### DATA PROVIDED
________

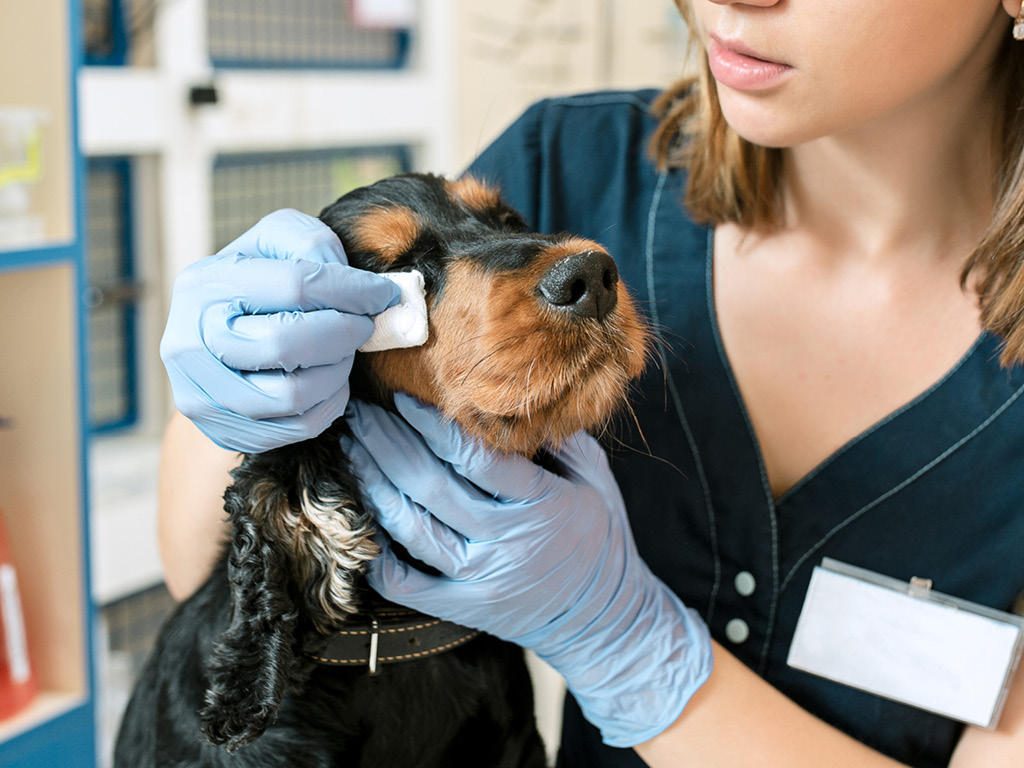sobaka-u-veterinara Синдром Горнера у кошек и собак: признаки и лечение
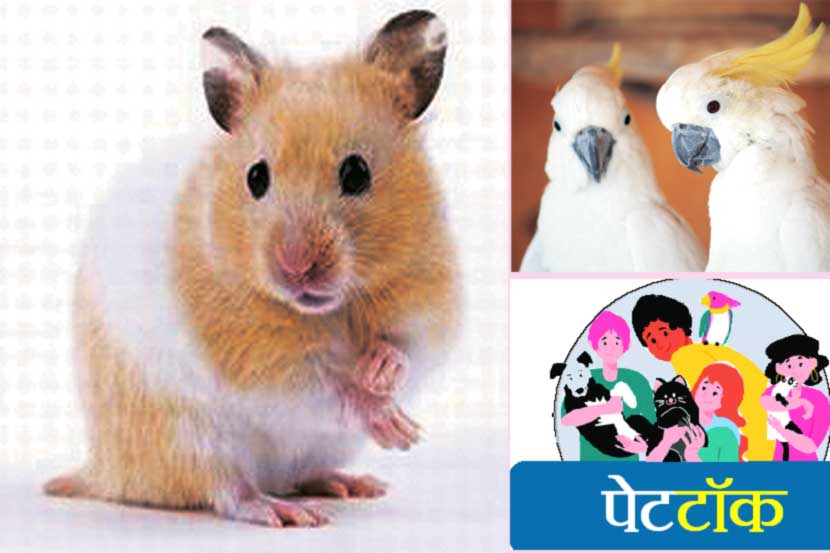 पेटटॉक : कमी खर्चाचे प्राणी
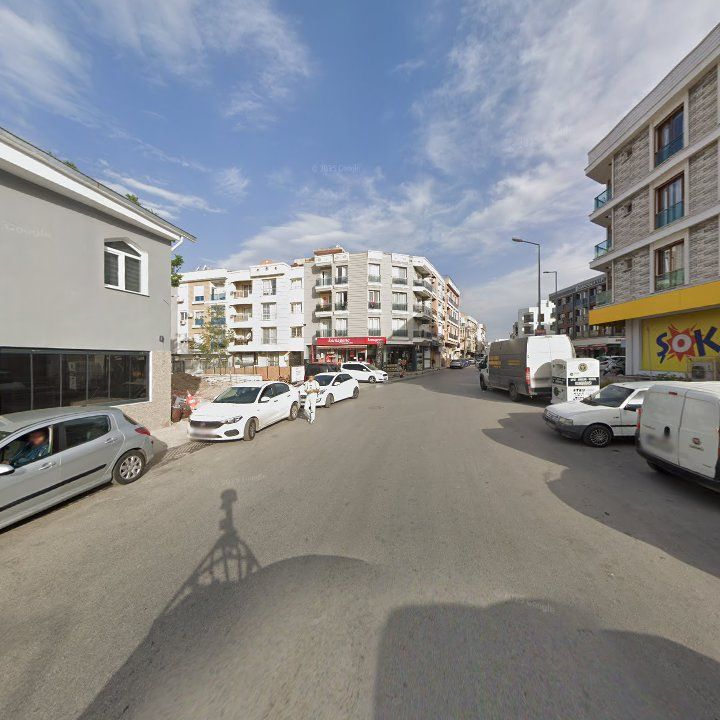 Fotoğraf 7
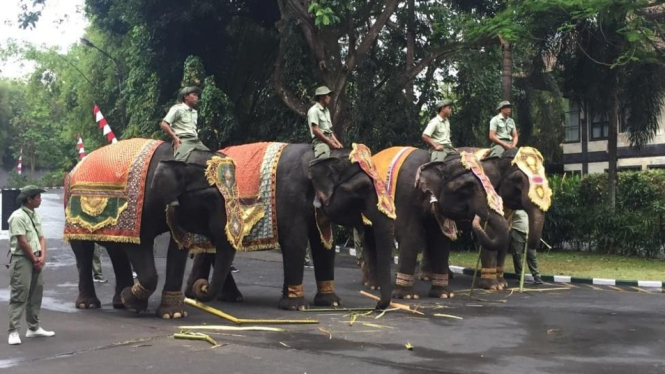 Gajah Sumatera.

________

### ABOUT THIS EXERCISE
Your answer should reproduce every line of the data verbatim and include no images.

### SOLUTION
sobaka-u-veterinara Синдром Горнера у кошек и собак: признаки и лечение
 पेटटॉक : कमी खर्चाचे प्राणी
 Fotoğraf 7
 Gajah Sumatera.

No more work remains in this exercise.